The observed dissociation between object- and number-based responses also allows us to exclude simple interpretations of our results as artefacts of the experimental procedure. In particular, although parents were allowed to see the stimuli, it is very unlikely that the reaction we observed was a reaction to a parental signal rather than a reaction to our stimuli. First, the onset of the brain reaction occurred before 500 ms, which leaves little time for a whole chain of parental reaction, parent-to-infant signalling, and infant brain activation to occur. Second, most crucially, given the dissociation in ERPs associated with number and object change, it seems very improbable that all parents would have differentiated the two types of changes in a consistent way so as to elicit, through an unknown, yet differentiated feedback, a consistently distinct brain response in all infants.
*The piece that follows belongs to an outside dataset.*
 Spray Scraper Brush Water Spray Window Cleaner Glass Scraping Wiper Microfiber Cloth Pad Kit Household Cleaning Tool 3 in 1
Dorsal and Ventral Pathways in Infants

Although they should be interpreted cautiously, as they represent only a tentative model with coarse spatial accuracy, our source reconstructions suggest, at a minimum, that distinct cortical pathways already exist in 3-mo-old infants for processing number and object identity. The sources of the object-change effect were located along the left temporal cortex, with an antagonistic response in the right temporal cortex. These results mesh well with fMRI observations from children and adults, where object-change responses have been recorded in the inferotemporal cortex, particularly in the left hemisphere [4,6]. In the present experiment, objects were defined both by their shape and by their colour, and therefore the observed response to object change could involve lower-level colour- and shape-sensitive areas as well as object-sensitive areas. Indeed, examination of the source reconstruction results brings support to this interpretation, since an entire stream of ventral occipitotemporal areas was activated in cascade in response to the presentation of deviant objects. The posterior areas, which responded first, might have encoded low-level features of the stimuli such as shape or colour, whereas the later activation of more anterior areas might relate to an encoding of object identity. Note, however, that the surface ERP component responding to object change was probably not sensitive solely to changes in colour, since it did not appear in the large-number condition in which the objects were smaller and therefore hardly discriminable in shape, but still markedly different in colour.
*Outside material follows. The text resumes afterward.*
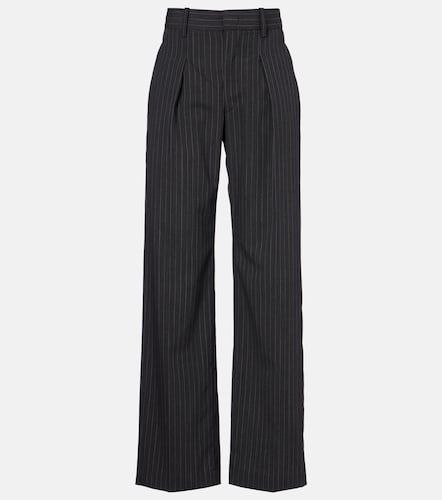 Pantalon droit rayé en laine mélangée - Isabel Marant - Modalova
In contrast to changes in object identity, changes in number activated a parietoprefrontal network in the right hemisphere. Although bilateral areas have been associated with number processing in adults, the present lateralization to the right hemisphere is consistent with previous studies that suggest a greater right lateralization of intraparietal responses to number in 4-y-olds than in adults [6]. The activation of the left inferior parietal region increases with age in older children [39,40], and our results suggest that it might not be dominant in the first year of life.

In addition to activating a right parietoprefrontal network, changes in number elicited a decreased response within the left temporal region that was responsive to object change (as well an increase in the opposite right temporal region). This aspect of our results suggests that there may be an antagonistic relation between the dorsal network for number and space and the ventral network for object identity. Although unexpected, this tentative conclusion meshes well with several previous behavioural studies that observed a drop in infants' performance when object identity and either numerical or spatial information have to be jointly processed and integrated. For instance, Xu [41] and Xu and Carey [42] observed that infants were unable to use object-identity information to infer numerosity: when two distinct objects emerged successively from behind an occluder, infants were clearly able to discriminate these two objects, but they were not surprised if the occluder later dropped to reveal just one object. Furthermore, Mareschal and Johnson [28] explicitly demonstrated a competition between memory for object features (“‘what”‘) versus spatiotemporal trajectory (“‘where”‘) depending on the category of visual stimuli used. When the stimuli were faces, infants detected changes in their identity, but not their position, whereas when they were manipulable toys, infants detected changes in location, but not in identity [28]. Furthermore, Southgate et al. [29] observed a dissociation in the brain responses of 6-mo-old infants as they were holding either a toy or a face in memory. These results, together with our source localizations, support the hypothesis that during infancy, information pertaining to the “‘what”‘ and “‘where”‘ pathways is already processed by distinct networks that are initially not fully integrated in a coherent behaviour, but rather may interact according to an antagonistic mode. Further research will be needed to confirm this antagonistic effect and probe the roles of attention, language, and prefrontal cortex development in overcoming it. Some researchers have suggested that a full integration may not occur until much later during childhood [43].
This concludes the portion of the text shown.